Institute for Micro- and Nanotechnology, Department of Physical Chemistry and Micro Reaction Technology, Ilmenau University of Technology, Weimarerstrasse 32, 98693 Ilmenau, Germany.
Chemistry. 2011 Mar 1;17(10):3005-10. doi: 10.1002/chem.201002043. Epub 2011 Jan 31.
The alkyne, aldehyde, amine A(3)-coupling reaction, a traditional multicomponent reaction (MCR), has been investigated as a two-step flow process. The implicated aminoalkylation reaction of phenylacetylene with appropriate aldimine intermediates was catalyzed by gold nanoparticles impregnated on alumina. The aldimine formation was catalyzed by Montmorillonite K10 beforehand. The performance of the process has been investigated with respect to different reaction regimes. Usually, the A(3)-multicomponent reaction is performed as a "one-pot" process. Diversity-oriented syntheses using MCRs often have the shortcoming that only low selectivity and low yields are achieved.

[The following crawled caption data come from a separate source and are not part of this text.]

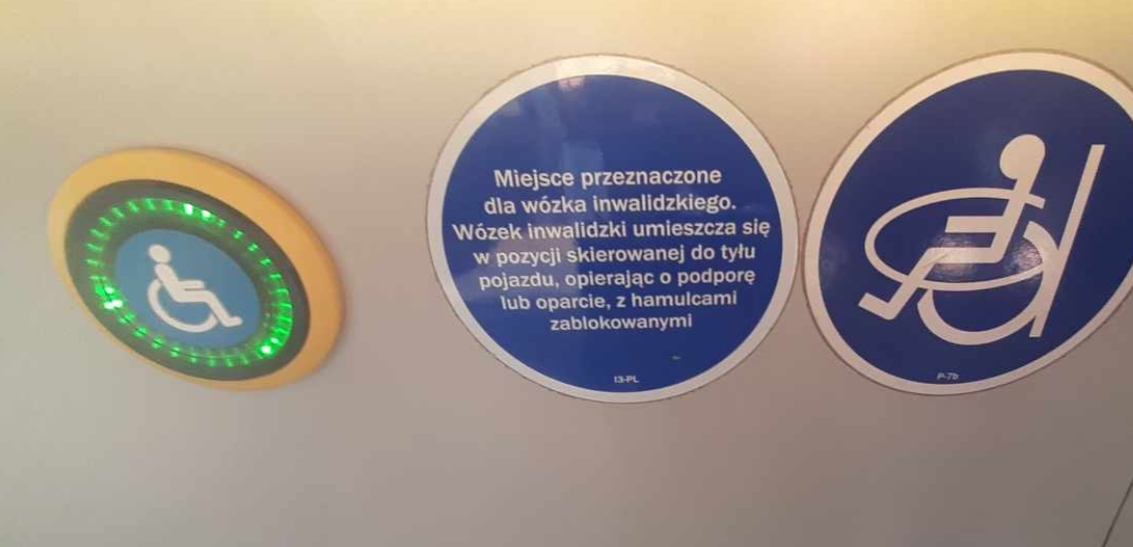 Pasażerowie nie zwracają uwagi na te oznaczenia. Wystarczy jeden gest, żeby poprawić komuś komfort podróżowania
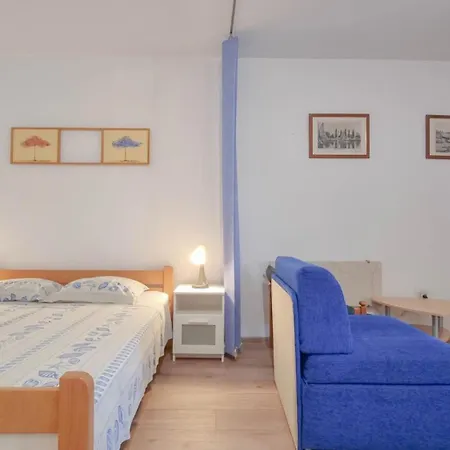 Mirjana One Apartman *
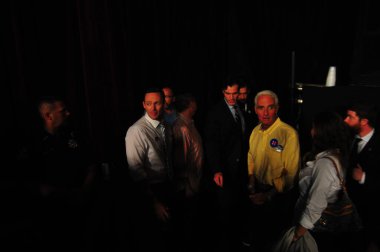 Şarkıcı Jon Bon Jovi, 5 Kasım 2016 'da St. Petersburg Florida' da Devlet Street Theater in Support of HIllary Clinton 'ın Başkan İhalesi' nde sahne alıyor.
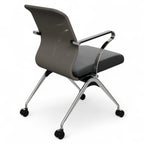 Chaise de réunion Ergo7 avec corps en métal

We have used a flow-chemistry approach to perform the A(3)-MCR in a sequential manner. In this way, the reaction performance was significantly enhanced in terms of shortened reaction time, and the desired propargylamines were obtained in high yields.
炔、醛、胺 A(3)-偶联反应是一种传统的多组分反应 (MCR),已被研究为两步流动过程。所涉及的炔与适当的亚胺中间体的氨基烷基化反应由负载在氧化铝上的金纳米粒子催化。亚胺的形成由蒙脱土 K10 预先催化。已经针对不同的反应条件研究了该过程的性能。通常,A(3)-多组分反应作为“一锅法”进行。使用多组分反应进行多样性导向合成的缺点通常是只能实现低选择性和低收率。我们使用流动化学方法以顺序方式进行 A(3)-MCR。通过这种方式,反应性能在缩短反应时间方面得到了显著提高,并且以高产率获得了所需的炔丙胺。